_YOUR OBJECTIVE:_
Only one span of the listing below should come back. It runs from the line with "A flooded house 11730140" through the line with "Geodreieck 16 cm", and each of its lines must be reproduced exactly.

_RECORDS PROVIDED:_
-- Opening Marker --

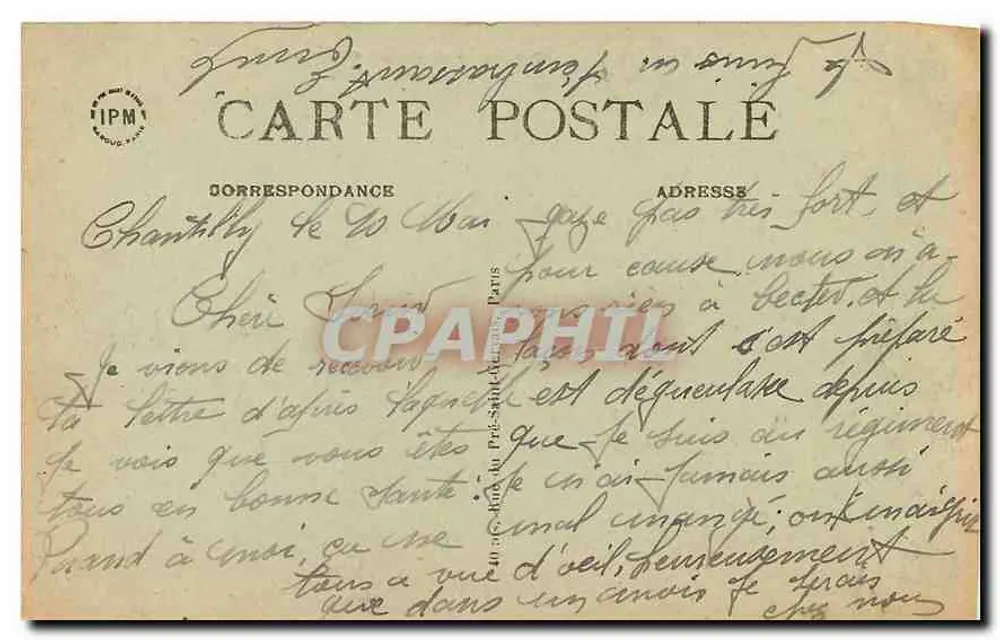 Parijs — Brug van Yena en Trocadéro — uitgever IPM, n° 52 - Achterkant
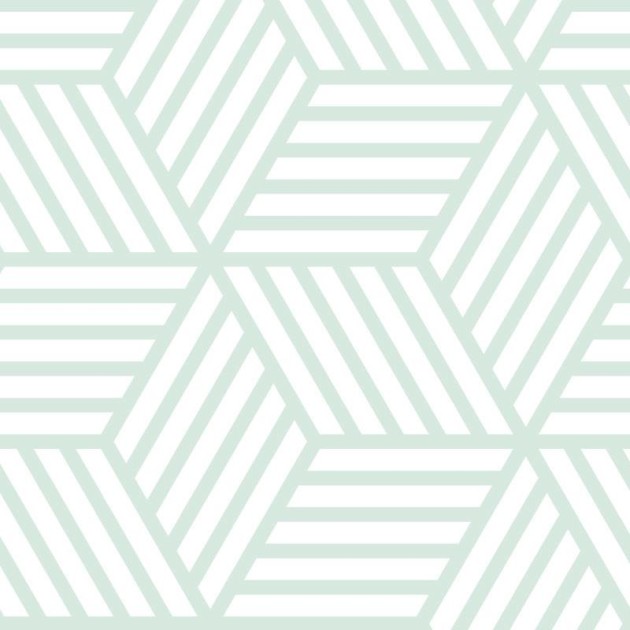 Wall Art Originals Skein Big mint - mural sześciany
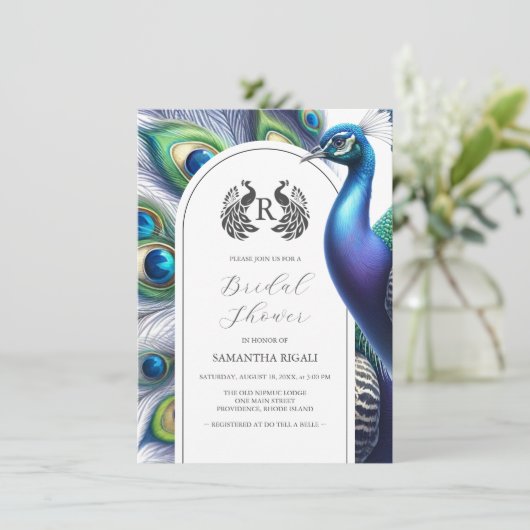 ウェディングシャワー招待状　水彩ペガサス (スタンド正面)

-- Closing Marker --
-- Opening Marker --

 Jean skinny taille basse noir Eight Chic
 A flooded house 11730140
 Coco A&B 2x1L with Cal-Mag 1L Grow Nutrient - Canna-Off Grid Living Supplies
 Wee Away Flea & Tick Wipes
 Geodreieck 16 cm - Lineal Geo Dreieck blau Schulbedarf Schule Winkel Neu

-- Closing Marker --
-- Opening Marker --

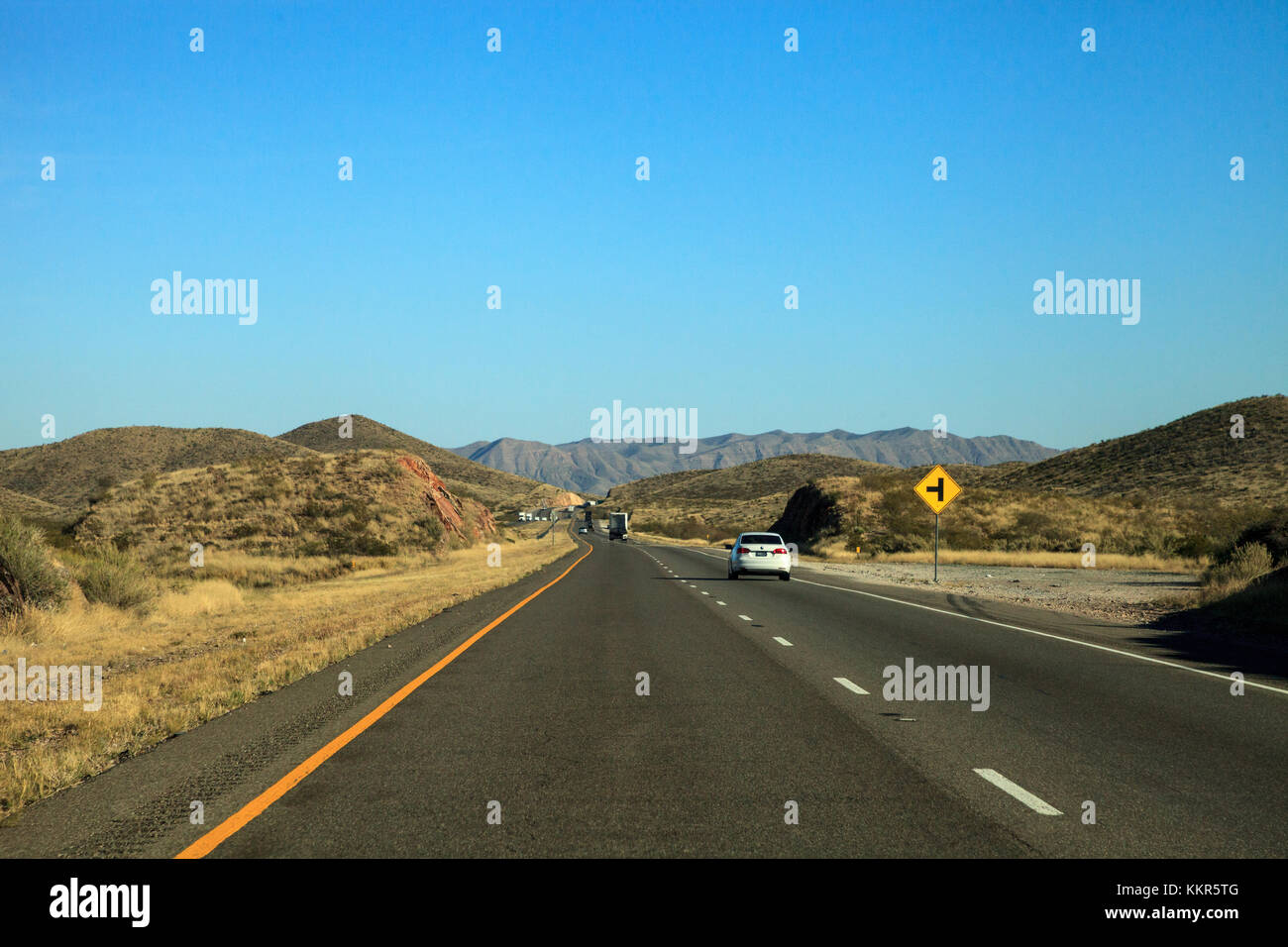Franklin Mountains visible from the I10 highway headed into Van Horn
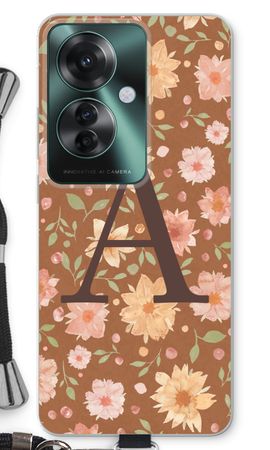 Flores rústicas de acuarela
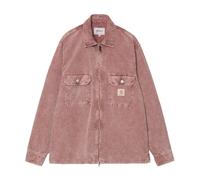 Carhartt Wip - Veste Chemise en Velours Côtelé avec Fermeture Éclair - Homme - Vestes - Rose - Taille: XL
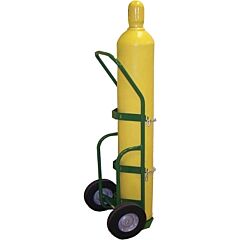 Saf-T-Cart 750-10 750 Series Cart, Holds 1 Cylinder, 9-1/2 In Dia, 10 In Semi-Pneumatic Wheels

-- Closing Marker --

_YOUR RESPONSE:_
 A flooded house 11730140
 Coco A&B 2x1L with Cal-Mag 1L Grow Nutrient - Canna-Off Grid Living Supplies
 Wee Away Flea & Tick Wipes
 Geodreieck 16 cm - Lineal Geo Dreieck blau Schulbedarf Schule Winkel Neu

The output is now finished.